Part 1: Weekly Performance Recap

Last week was not a clean trading week for the book. The recap shows 43 trades across a very broad mix of instruments, with 12 winners, 16 losers, and a reported net result of -8,633.6 pips. The traded universe included US500, NAS100, US30, XAUUSD, XAGUSD, major FX, Scandinavian crosses, and the main crypto pairs including BTCUSD, ETHUSD, and SOLUSD.

The important point is not just the negative number, but the dispersion. When the trade list stretches from equity indices to metals, crypto, EURDKK, GBPNOK, USDSEK, and USDJPY, the risk is that the book becomes too dependent on general volatility rather than a narrow, repeatable edge. In weeks like this, position sizing and correlation control matter more than finding the next setup.
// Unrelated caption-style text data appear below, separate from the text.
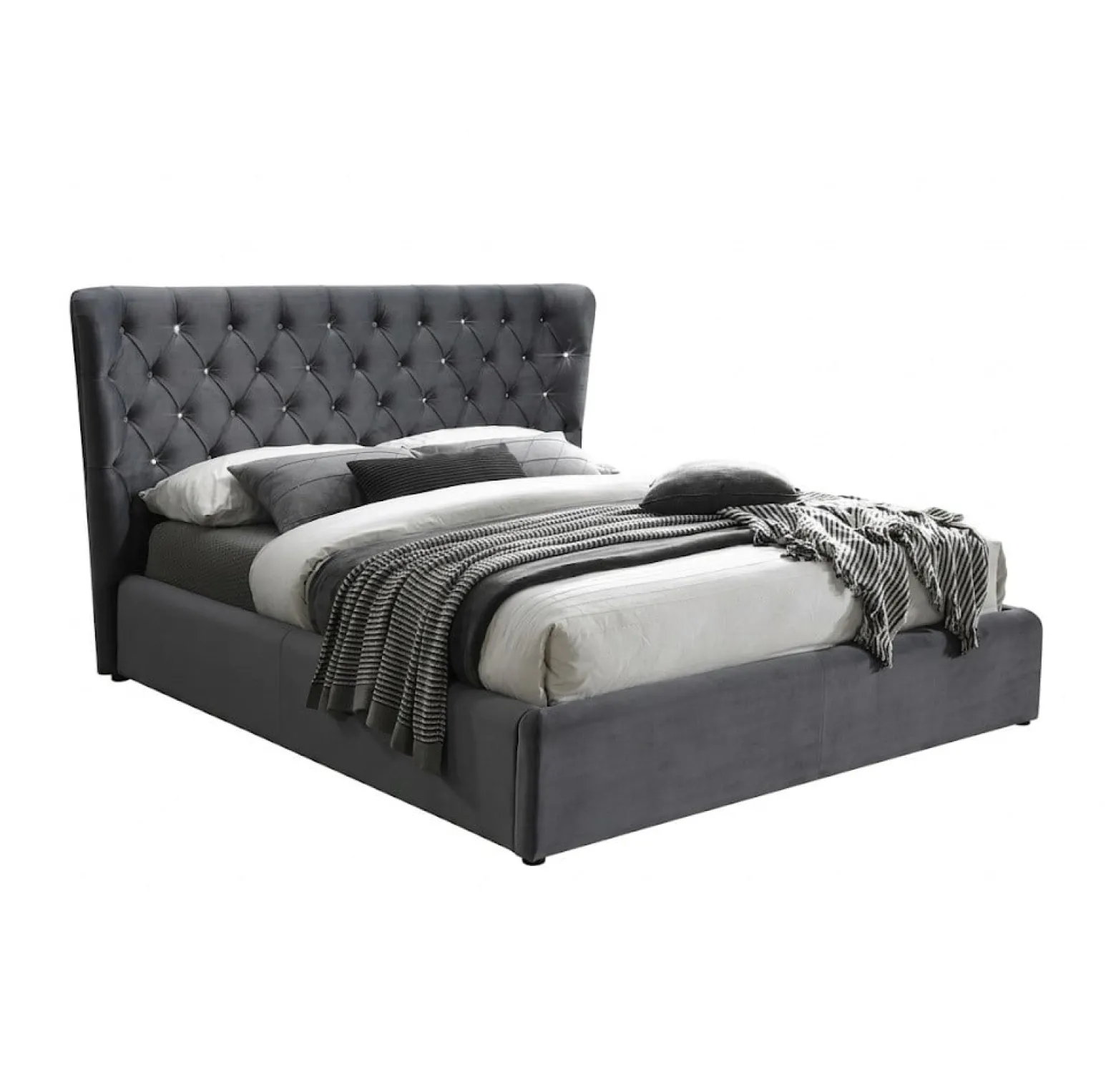 Łóżko tapicerowane CARVEN VELVET 160x200 szare bez szuflady/bez materaca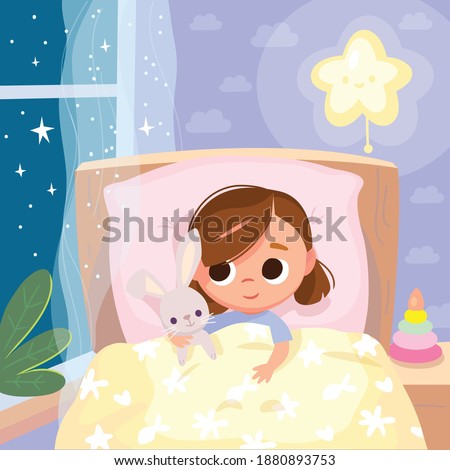 Portrait of baby girl lying in the bed under cover holding imaginary friend,bunny rabbit toy, in bedroom. Bed time for kids. Get ready for bedtime. Kid prepare go to bed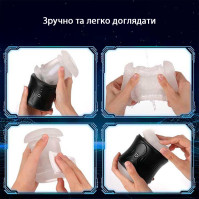 Двухсторонний автоматический мастурбатор Jaffen 10 режимов вибрации черный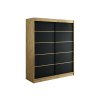 šatní skříň leto v1 s posuvnými dveřmi - šířka 180 cm dub artisan + černá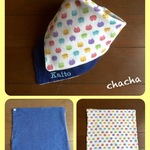 再販【名入れ刺繍】スタイに変身♪2wayガーゼハンカチ・リバーシブル・カラフルねこ【3wayも可】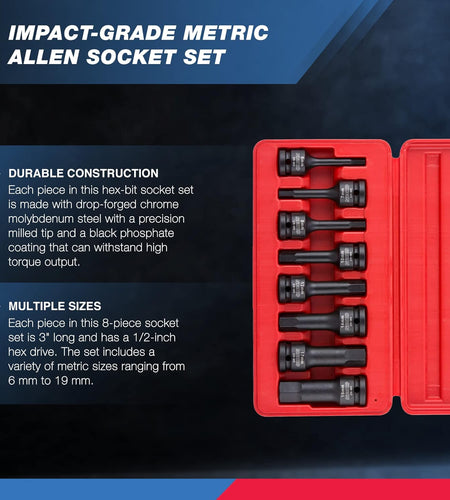 01136B 1/2” Drive Allen Bit Socket Set | 8 Piece | MM | 6Mm to 19Mm | 3” Length | Cr-Mo Impact Grade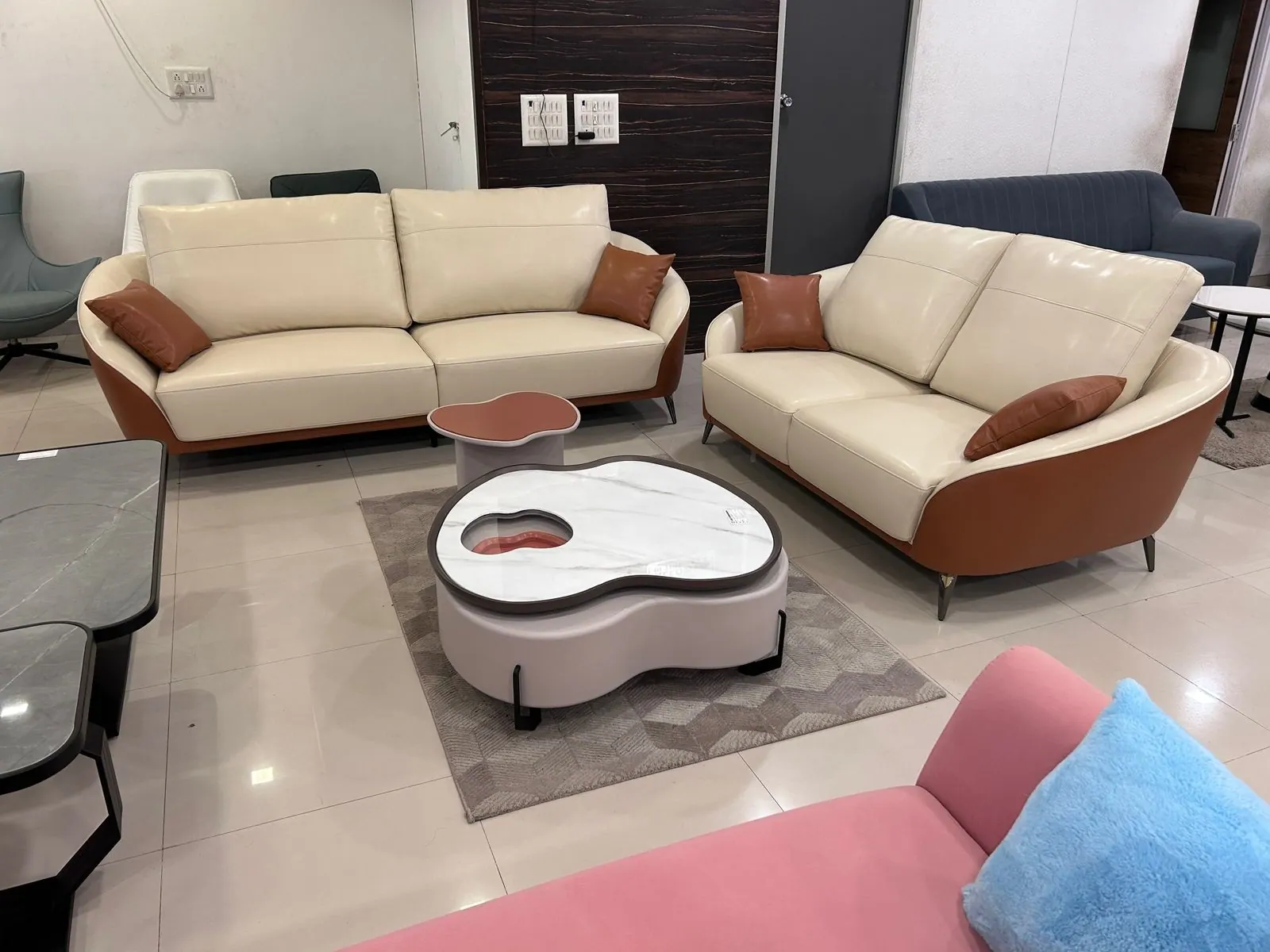 Custom sofa made by Woodflex Designs, photographed in a client's home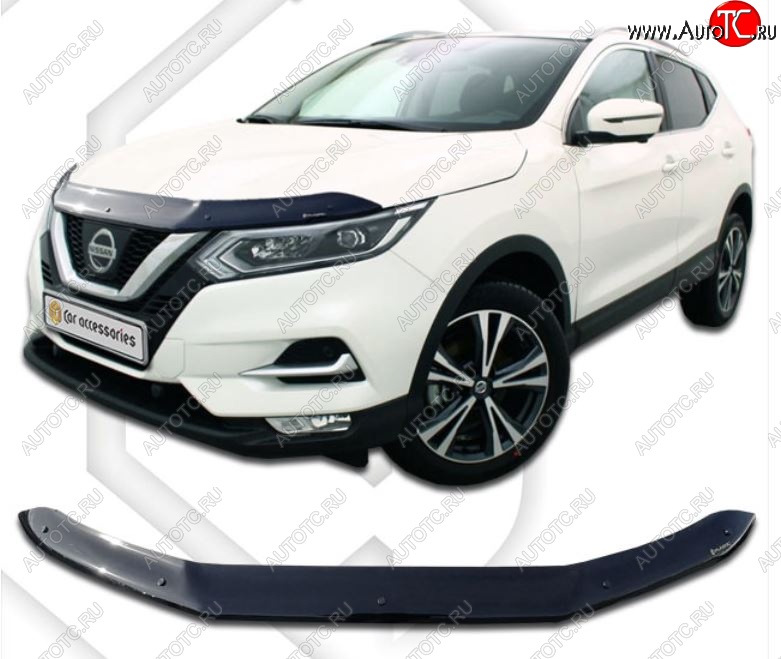 1 999 р. Дефлектор капота CA-Plastiс  Nissan Qashqai  2 (2017-2022) J11 рестайлинг (Classic черный, Без надписи)  с доставкой в г. Горно‑Алтайск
Equities and crypto remained sensitive to rate expectations, while metals continued to trade as both inflation hedge and liquidity instrument depending on the session. FX was mixed, with the dollar still the central driver ahead of this week’s US inflation and consumer data. After a drawdown week, the priority is straightforward: reduce noise, trade fewer correlated positions, and wait for cleaner confirmation around the scheduled macro releases.

Market Volatility Scan

Part 2: Global Macro Weekly Outlook

This week is heavily centered on the United States. The market will get CPI, PPI, a Fed Chair nomination vote, and retail sales, all within a tight window. That combination can move the dollar, Treasury yields, equity indices, gold, and crypto at the same time, so traders should expect sharper intraday ranges and less reliable technical levels around the releases.

Tuesday, 12 May at 08:30 UTC: US Core CPI m/m, CPI m/m, and CPI y/y. This is the main event of the week. A hotter CPI print would likely push yields higher, support the US dollar, and pressure risk assets such as NAS100, US500, BTC, ETH, and SOL. Gold may also face selling if real yields rise, although persistent inflation can still support metals over a broader horizon. A softer CPI print would probably encourage a risk-on reaction, with equities and crypto bid and the dollar offered, at least initially.

Tuesday, 12 May at 12:00 UTC: Fed Chair Nomination Vote. The vote is not a typical data release, but it can still affect market tone if it changes expectations around future Fed communication. Any sign of political uncertainty around the central bank may widen risk premiums, especially in USD pairs and rate-sensitive assets.

Wednesday, 13 May at 08:30 UTC: US Core PPI m/m and PPI m/m. PPI matters because it feeds the market’s view of pipeline inflation and, indirectly, the Fed’s preferred inflation measures. If CPI is already strong and PPI confirms that pressure, the dollar could extend gains and equities may struggle. If PPI cools after a softer CPI, the market may become more confident that the disinflation path is intact.

Thursday, 14 May at 02:00 UTC: UK GDP m/m. GBPUSD will be the direct focus. A stronger UK GDP reading may give sterling some support, but the pair will still be influenced by the broader dollar backdrop after CPI and PPI. If US data is dollar-positive, a good UK GDP number may only limit downside rather than create a clean bullish trend.

Thursday, 14 May at 08:30 UTC: US Core Retail Sales m/m and Retail Sales m/m. Retail sales will tell us whether the US consumer is still absorbing higher prices and financing costs. Strong sales alongside sticky inflation can be awkward for markets because it argues against quick policy easing. Weak sales with easing inflation may help bonds and risk assets, but weak sales with sticky inflation would raise stagflation concerns and could produce choppy, defensive price action.

Weekend crypto note: Bitcoin, Ethereum, and Solana remain high-beta expressions of global liquidity. Weekend moves should be treated with caution because liquidity is thinner and price can travel quickly without strong confirmation from traditional markets. The cleaner read usually comes after Monday’s cash equity open, ETF flow data, funding rates, and open interest reset. For crypto traders, the key risk this week is a CPI-driven move in yields and the dollar. If US inflation surprises higher, chasing weekend strength could be dangerous. If CPI cools, crypto may get room to squeeze higher, but confirmation should come from volume rather than headlines alone.

From a trading perspective, this is a week to respect the calendar. There is no need to force exposure into the minutes before CPI, PPI, or retail sales. Let the first reaction clear, watch whether the second move confirms or reverses it, and keep position size aligned with the wider volatility regime.